Prince Philip has personally apologised to the mother-of-two left injured after his car collided with hers near Queen Elizabeth’s Sandringham estate earlier this month.
The Duke of Edinburgh wrote a letter to Emma Fairweather, who broke her wrist in the accident, saying that he was “deeply sorry” and wished her a “speedy recovery from a very distressing experience”.
His apology letter which Ms Fairweather called a “nice touch” comes six days after the horrific crash which drew public criticism of the Royal family, particularly over their response to the accident.
“It is a difficult letter to write – to know what would be the right thing to say without making me more upset,” she said.
Prince Phillip, 97, admitted he did not see her car in the “low sun”, in the letter, dated January 21 and published by the Sunday Mirror newspaper.

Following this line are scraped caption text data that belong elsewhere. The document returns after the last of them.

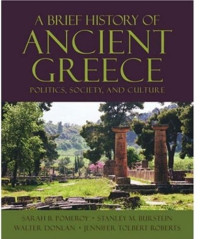 Sarah B. Pomeroy, Stanley M. Burstein, Walter Donlan, Jennifer Tolbert Roberts — A Brief History of Ancient Greece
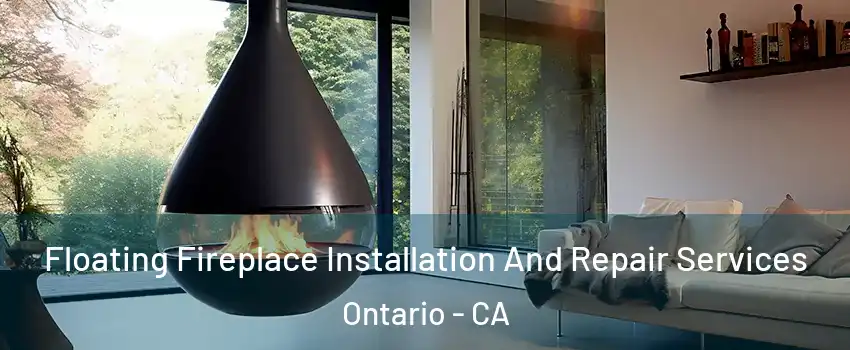 Floating Fireplace Installation And Repair Services Ontario - CA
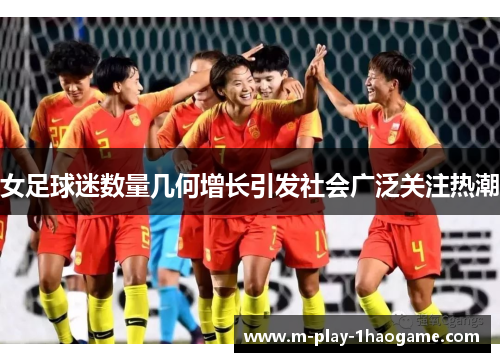 女足球迷数量几何增长引发社会广泛关注热潮
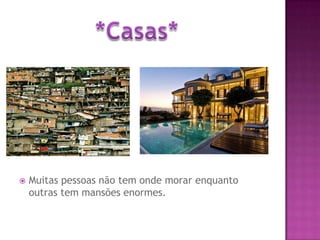 Muitas pessoas não tem onde morar enquanto outras tem mansões enormes.*Casas*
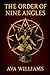 The Order of the Nine Angles by Ava Williams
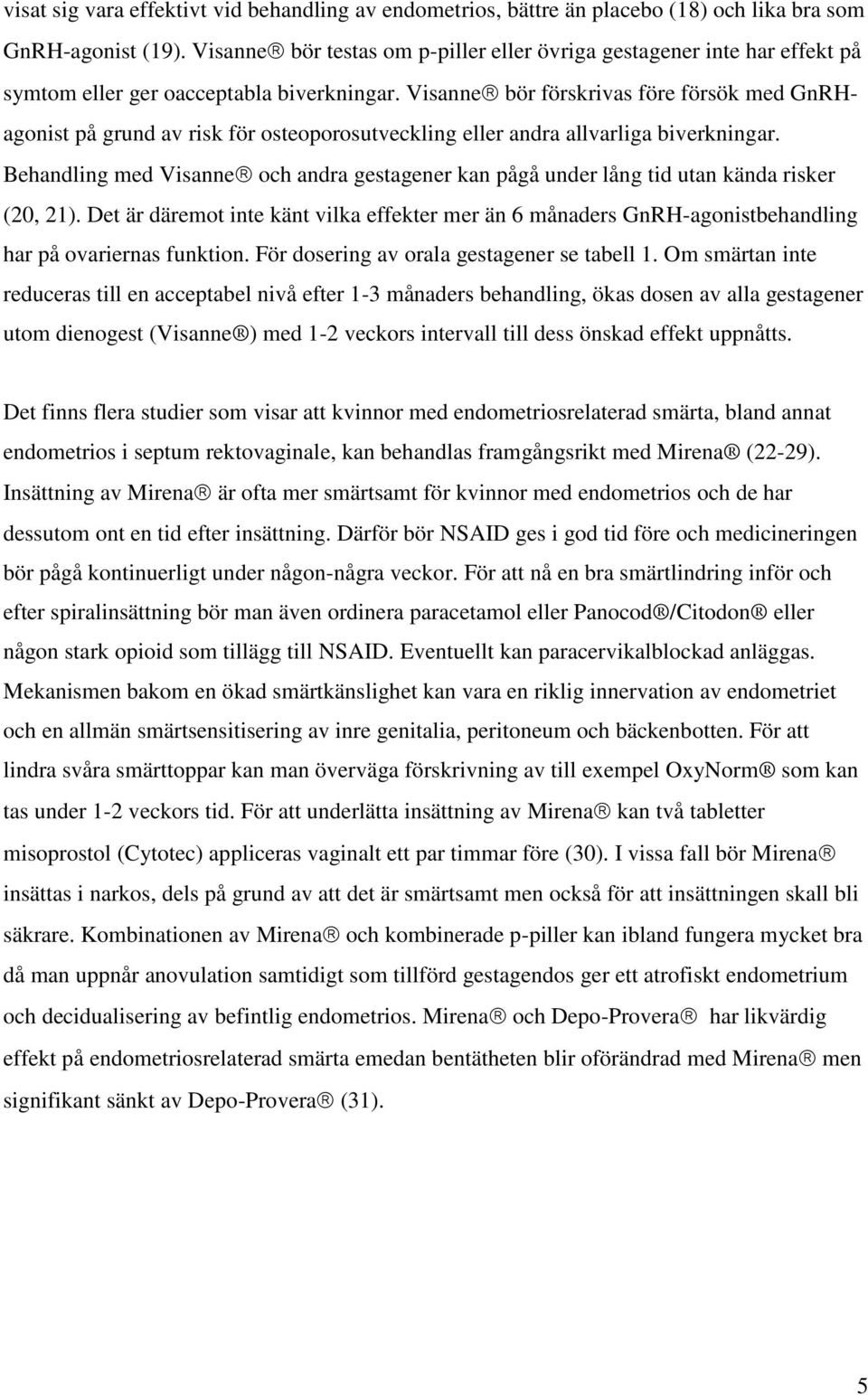 Visanne bör förskrivas före försök med GnRHagonist på grund av risk för osteoporosutveckling eller andra allvarliga biverkningar.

“In normal conditions I would have no difficulty in seeing traffic coming from the Dersingham direction, but I can only imagine that I failed to see the car coming, and I am very contrite about the consequences,” he said.
Prince Philip escaped without injury when the Land Rover he was driving flipped over following a collision with a Kia car carrying Mr Fairweather on January 17 close to the royals’ Sandringham residence in Norfolk, eastern England.
Philip also received a warning from police for driving without a seatbelt two days after the crash.
The driver of the Kia, which was carrying a nine-month-baby, suffered cuts to her knee.
“I would like you to know how very sorry I am for my part in the accident at the Babingley crossroads,” Prince Philip said in the letter.
Prince Philip said he was “somewhat shaken” after the crash and was greatly relieved that there were no serious injuries.
He said he was advised to return to Sandringham by a police officer, and only subsequently learned of Fairweather’s injury.